Start of PROVIDED ENTRIES

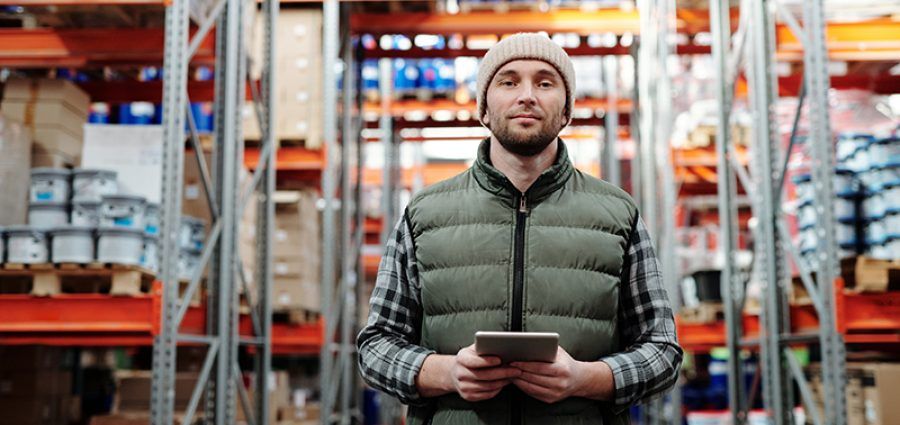 man in warehouse with tablet computer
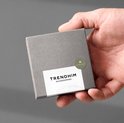 Hand die een grijs doosje van Trendhim Accessories vasthoudt, met "Made in Denmark" op de voorkant.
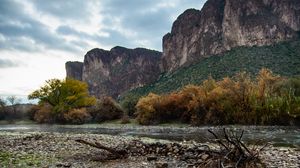 Preview wallpaper stones, branches, river, mountains, nature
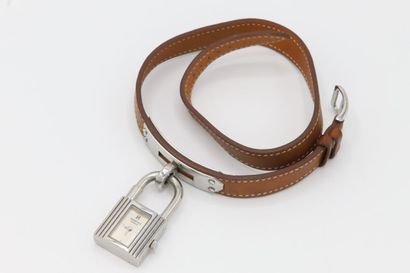 null HERMÈS 
Kelly
Montre bracelet boitier cadenas et bracelet double tour en cuir...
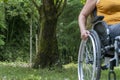 Close-up of a woman`s hand holding the wheel of a wheelchair, from the front, in the countryside Royalty Free Stock Photo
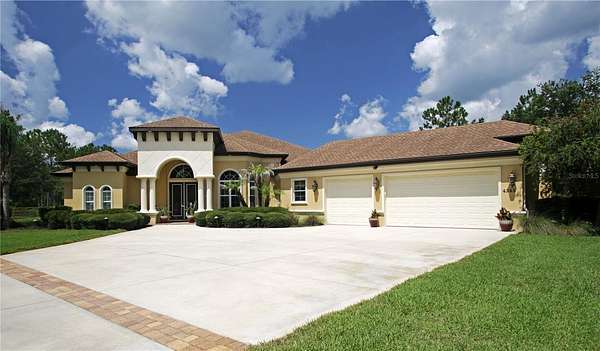 5 Acres of Land with Home for Sale in Palm Coast, Florida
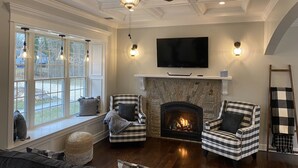 A living room with a fireplace, two armchairs, a sofa, a television, and a ceiling fan. - Luxury by the Sea (Southold)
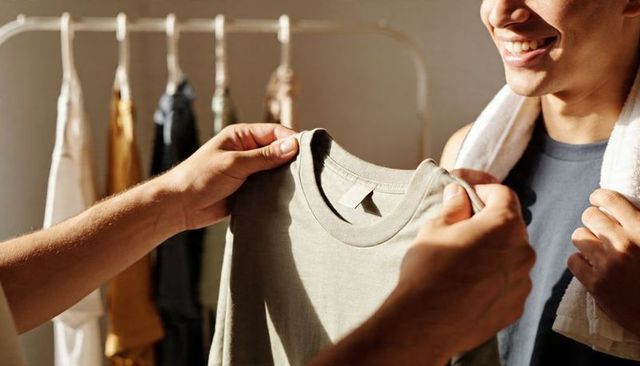 Boutique assistant holding crewneck tee while smiling customer choosing casual wardrobe
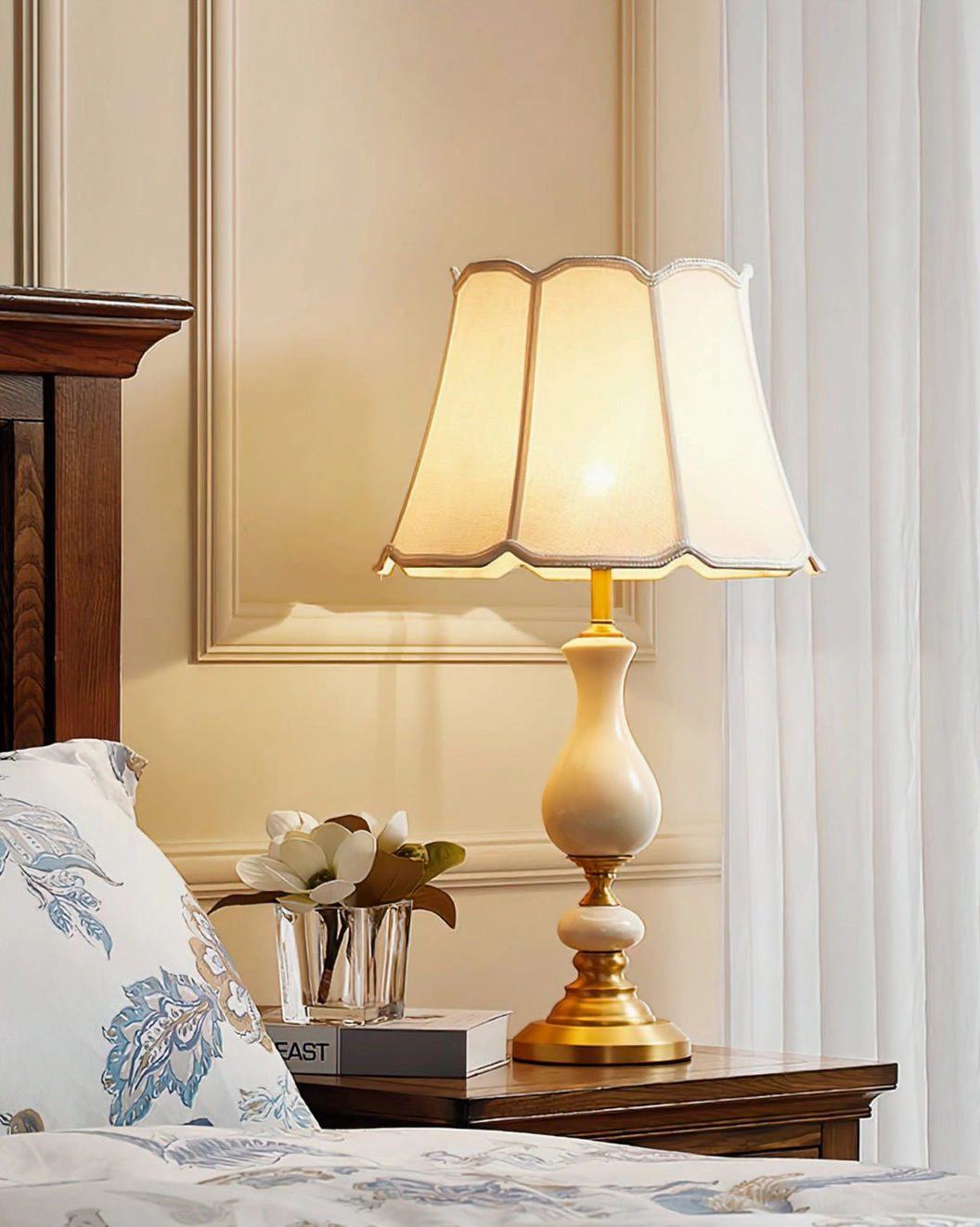 Table lamp on wooden nightstand beside upholstered bed with flower arrangement decor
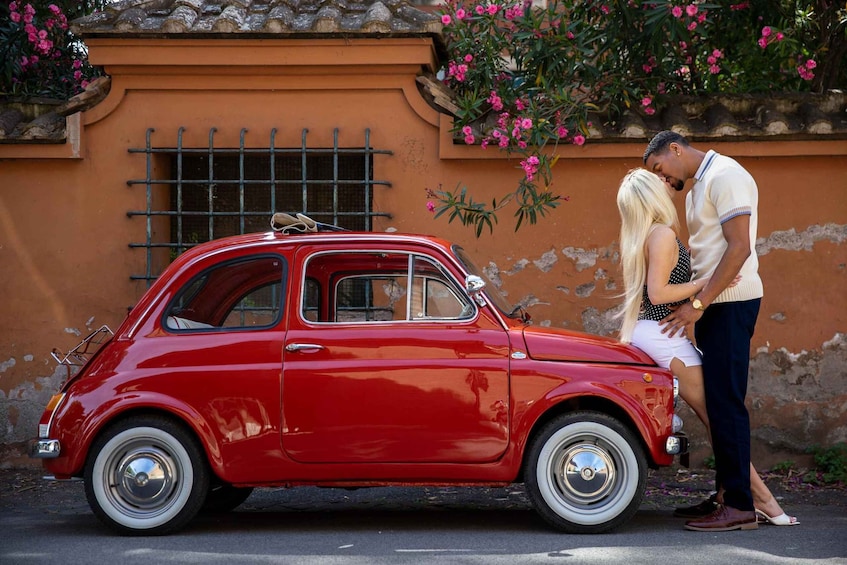 A red vintage car parked in front of a building with pink flowers and a metal gate. 1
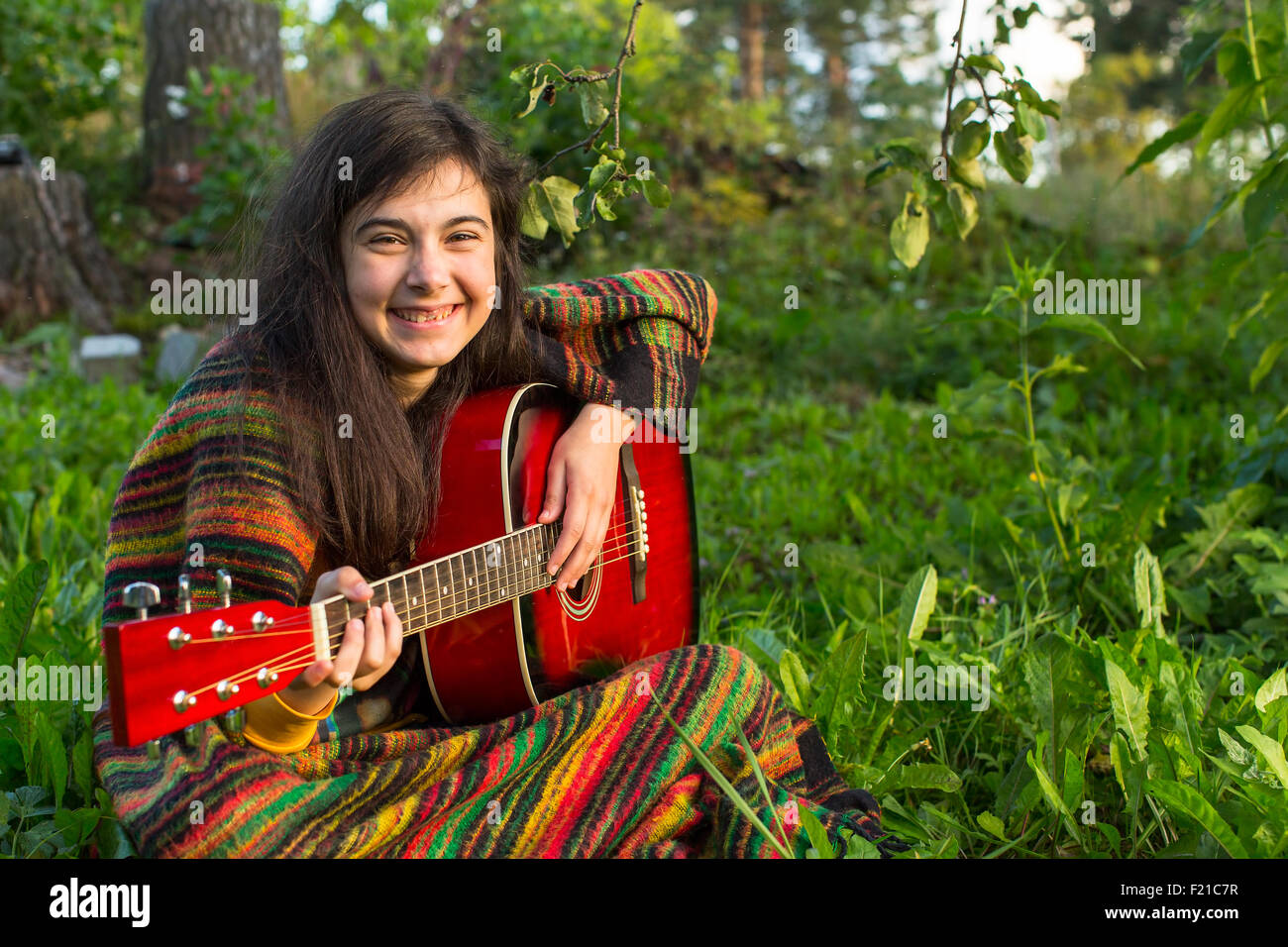 Young girl with an acoustic guitar sitting in the grass Stock Photo - Alamy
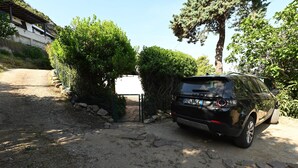 Ein schwarzer SUV steht auf einem Feldweg, an einer Seite eine Steinmauer und Grünpflanzen, auf der anderen eine Gebäudee mit einem geneigten Dach.
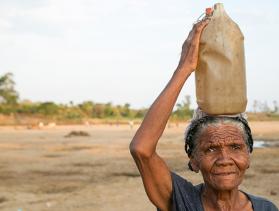 Woman from Madagascar carries a jug of water on her head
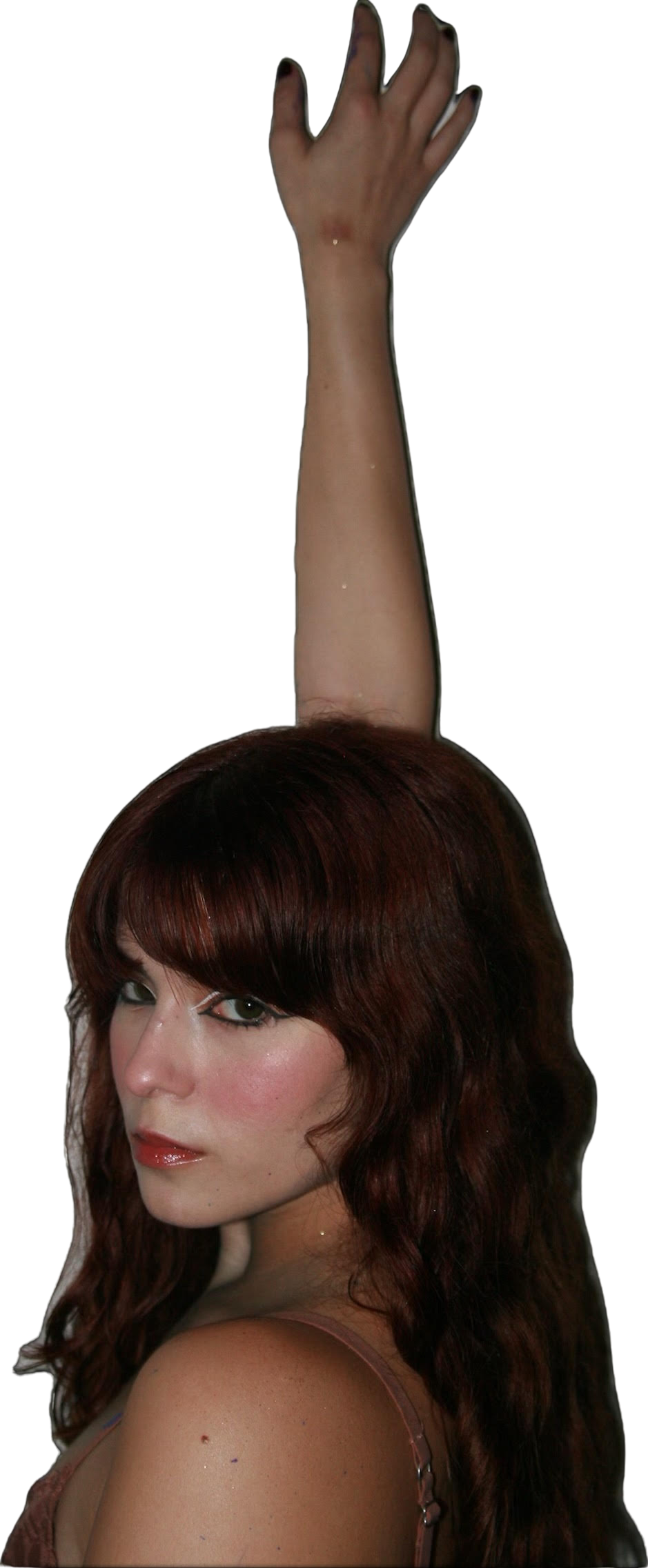 A woman with long, wavy brown hair and green eyes looking over her shoulder, wearing a nude-colored top.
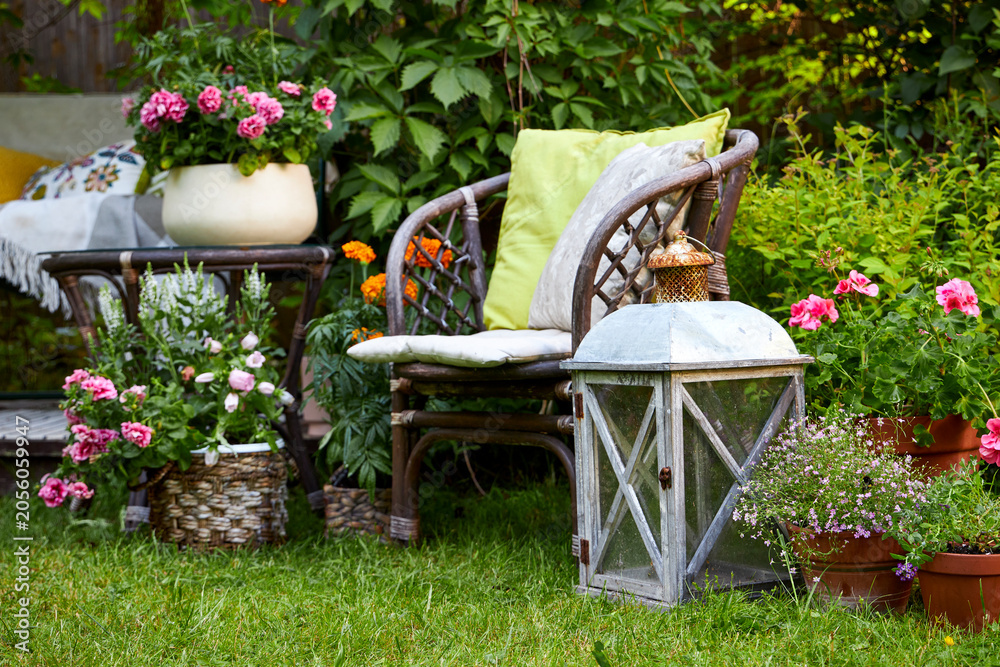 Fototapeta premium Charming outdoor garden seating area featuring a wicker chair surrounded by colorful blooming flowers, decorative lanterns, woven baskets, and lush green foliage. This peaceful backyard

End of PROVIDED ENTRIES

WHAT IS REQUIRED:
Give again, please, precisely the lines that begin the records and run through the line with "Montre bracelet boitier" in it, keeping both end lines and dropping any pictures.

TASK SOLUTION:
 man in warehouse with tablet computer
 Hand die een grijs doosje van Trendhim Accessories vasthoudt, met "Made in Denmark" op de voorkant.
 Preview wallpaper stones, branches, river, mountains, nature
 null HERMÈS 
Kelly
Montre bracelet boitier cadenas et bracelet double tour en cuir...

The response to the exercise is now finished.